- [Work request]:
Nothing but the lines from the one with "Empleado municipal les1onado" through the end of the material should be retyped, word for word and without pictures.

- [Data extract]:
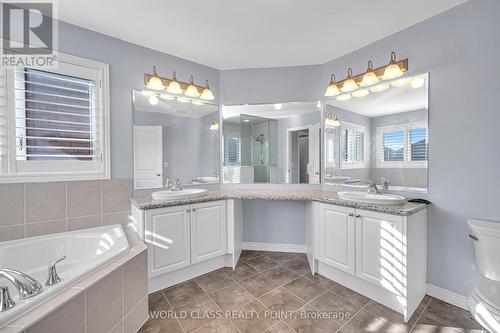 558 Alfred Hughes Avenue, Oakville, ON - Indoor Photo Showing Bathroom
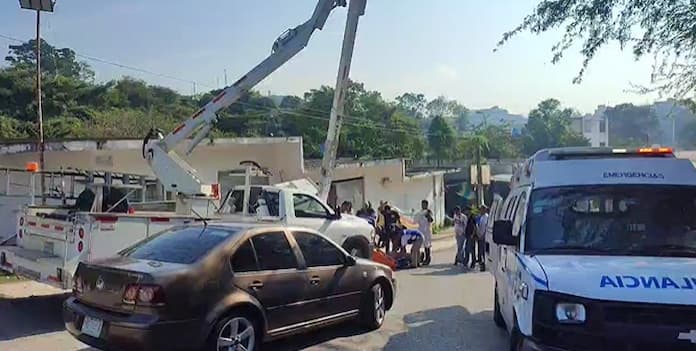 Empleado municipal les1onado tras caer de varios metros de alturas en Tantoyuca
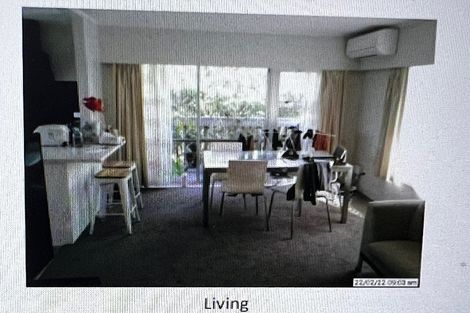 Photo of property in 1/3 Cashmere Place, Glenfield, Auckland, 0629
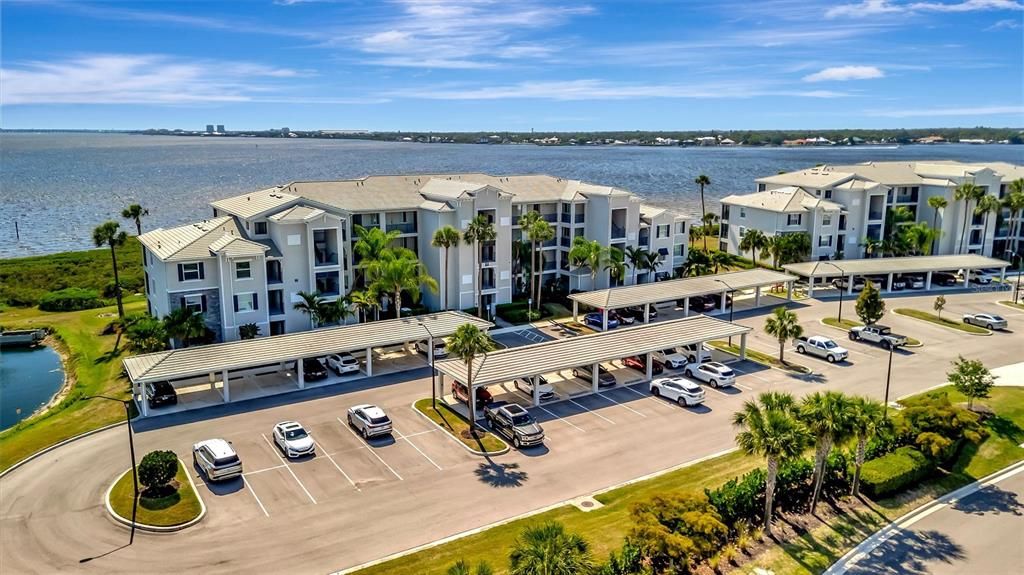For Sale: $399,999 (2 beds, 2 baths, 1194 Square Feet)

- [Task solution]:
 Empleado municipal les1onado tras caer de varios metros de alturas en Tantoyuca
 Photo of property in 1/3 Cashmere Place, Glenfield, Auckland, 0629
For Sale: $399,999 (2 beds, 2 baths, 1194 Square Feet)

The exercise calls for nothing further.